The whirr of tyre on gravel. The flat mess of what used to be a cat. A mangled stain that no one seems to notice except me. It is quiet in the car. Catlin’s earphones in. The radio. It will be a long drive. We got up early, loaded up the boxes in the vans. They flanked our car for the first forty minutes, then we stopped for petrol and they left us. Brian says they know exactly where to go. It’s home for them. For us it will take time.

The fur, what was left of it, looked brown.
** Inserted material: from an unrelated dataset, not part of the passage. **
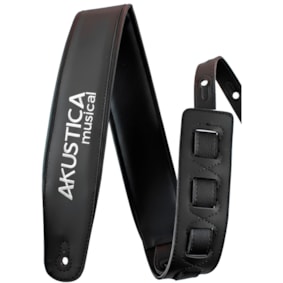 Correia Basso CLA PER 13 Aksutica Em Couro Sintético Preta Correia Basso CLA PER 13 Aksutica Em Couro Sintético Preta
I trace a pattern on my legs, a dizzy little triskele. In my pocket is a pack of salt. The kind you get in chip shops. Candle wax. Some berries on their stalks. My clothes are always manky in the pockets. I do peculiar things to ward off threat. Detritus gathers. It isn’t very scientific of me. But I am odd, and where we’re going’s new, and full of dangers.

I see their faces.

All the mountain girls.

The ones that died.

When Mam and Brian first told us about the place he came from, it didn’t quite seem real. Still doesn’t, to be honest. I wonder, when we see it for ourselves, if it will be different. It’s strange, isn’t it, to be moving somewhere we have never been. We haven’t set foot there. Even though it isn’t very far. Nowhere in Ireland is. A country the size of other people’s cities. We have seen photographs, on Brian’s phone. On Mam’s. He took her there for weekends when they started going out.

They got engaged inside the castle walls.

We weren’t there.

‘My father built this castle,’ Brian told us. ‘He was a strange man. Very big ideas. There was a ruin here before, and he bought the land with a view to rebuilding what had been, but then … he went a bit mad. There are places in the castle even I don’t know about. He had a lot of secrets, my aul’ fella.’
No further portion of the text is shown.